Here’s what the appropriations bill says (the final report mentioned would be the as-yet-unissued report from the recently concluded study of safety effects of the pre-change restart versus the post-change, limited restart):
None of the funds appropriated or otherwise made available by this Act or any other Act may be used to implement, administer, or enforce sections 395.3(c) and 395.3(d) of title 49, Code of Federal Regulations, and such section shall have no force or effect on submission of the final report issued by the Secretary…
That’s the key part of this, and what exactly does 395.3(c) and 395.3(d) refer to? Those are, essentially, everything in the regulations pertaining to the restart.
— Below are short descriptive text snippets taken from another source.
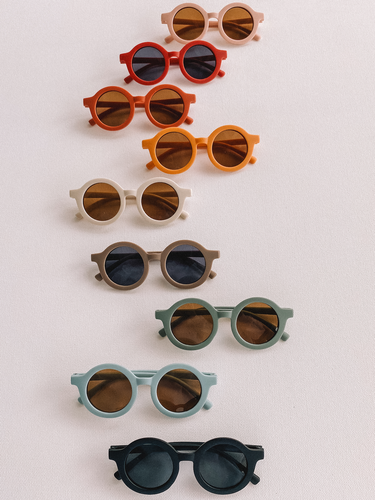 Round baby sunglasses for stylish sun protection in vibrant colors. Perfect for toddlers and infants.
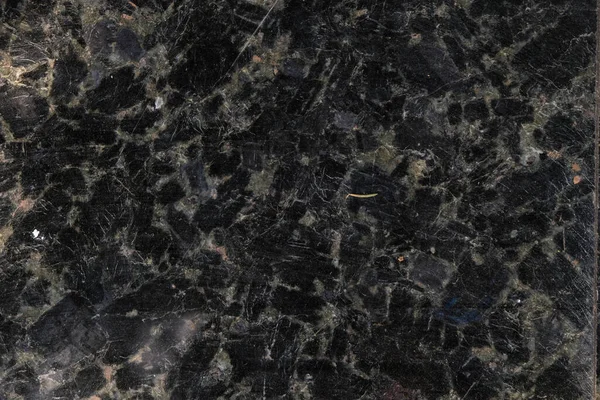 Black and gray granite surface. Copy space. Minimalism.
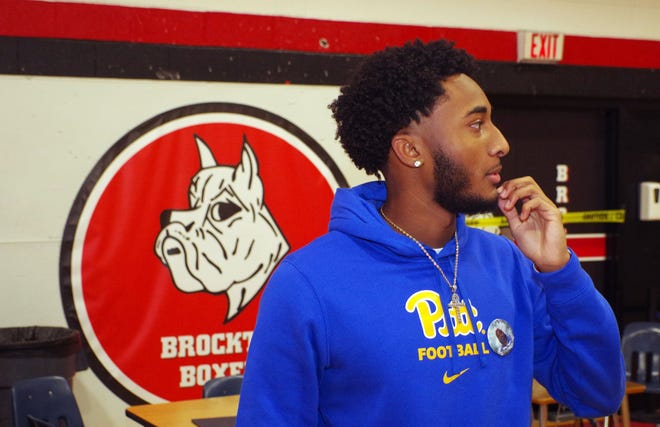 Cameron Monteiro waits in the Brockton High School gym for friends and family to arrive prior to signing his national letter of intent to play football at the University of Pittsburgh on Wednesday, Dec. 20, 2023. Monteiro starts attending Pitt on Jan. 8, 2024, but will return to Brockton in June for BHS graduation.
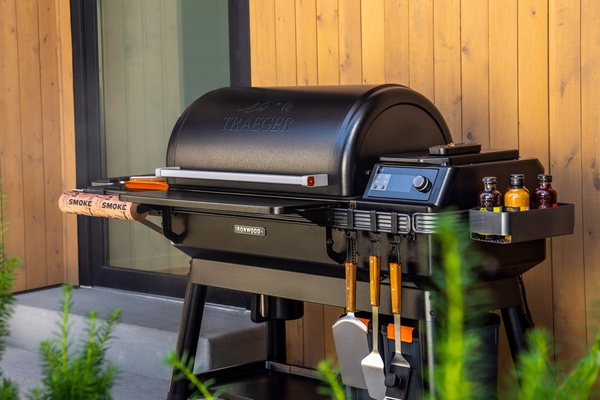 Traeger Ironwood XL with accessories attached on a cement patio with wood panel wall behind the grill.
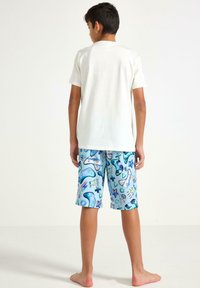 Korte mouwen witte T-shirt gecombineerd met blauwe short met patronen, featuring gaming graphics, geometrische vormen en een gladde textuur.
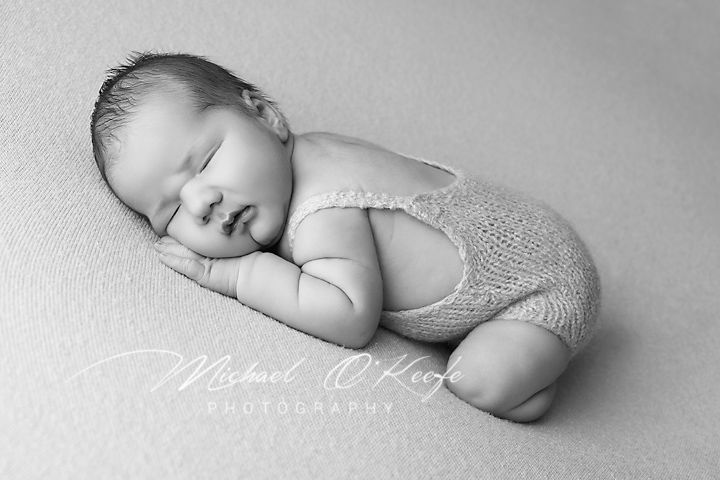 Artistic black and white newborn photography series showing peaceful sleeping baby in various gentle poses.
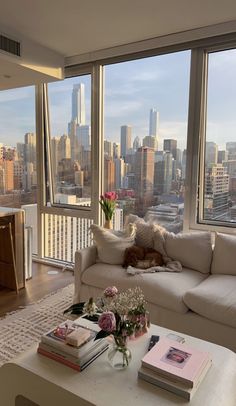 a living room filled with furniture next to large windows and a view of the city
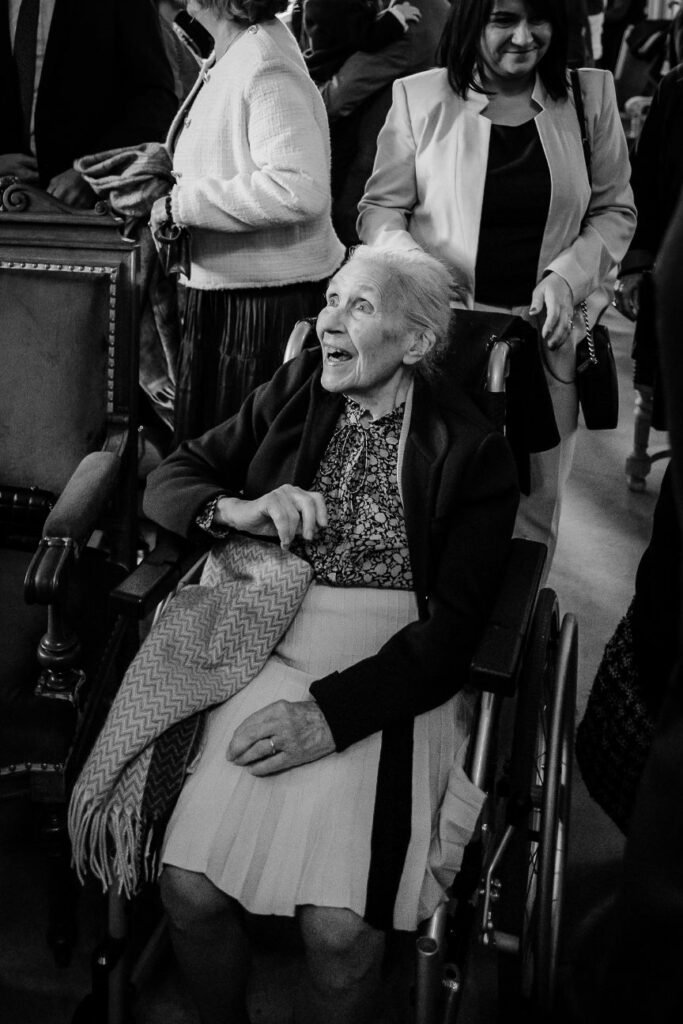 Emotional wedding guest smiling during the ceremony near Paris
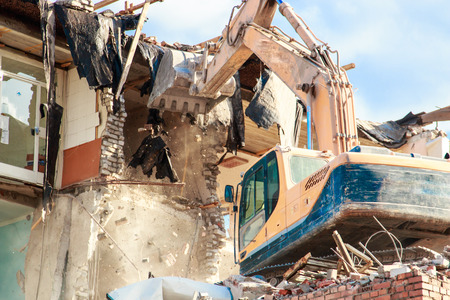 excavator destroys and ruins the building on a bright sunny day.の写真素材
And since the appropriations bill’s language doesn’t specify an alternative to those regulations, as the Truckload Carriers Association noted this afternoon in a message to members…
…then there is no restart provision to abide by.
That’s DOT’s recent interpretation at least, according to TCA. Now, before you go back to recapping entirely, take note of the rest of that message from TCA:
As discussions around this issue remain fluid, we are instructing our carrier members to keep their fleets operating as they have always been as members of Congress seek to reach an agreement on the best way to proceed. In an email to its Executive Committee, of which TCA is part, ATA has put forth options which they can use to negotiate with lawmakers. Of those options, the parties involved, including TCA representatives, have selected what ATA perceives to be the most flexible option on the table. The selected option consists of the following:
Total weekly cap of 75 hours in any 7 calendar days
- Retains 60/7, 70/8 rules.
- Taking an off-duty period of 34 consecutive hours or more allows the driver to exceed the 60/7 & 70/8 limits, up to the 75-hour, 7-calendar-day cap.
We’ll update more when we have word of any final solution, as changes wouldn’t go into effect until certified by DOT in concert with lawmakers. As TCA noted, “as of today, we are continuing to operate as we did yesterday.”
At once, reminds me of Tom Strese‘s sage words from about a year ago as the exemptions to the milk-and-cookie break really started to pile up: If we’re not careful, Strese said, “pretty soon our HOS rules are going to look like the tax code.”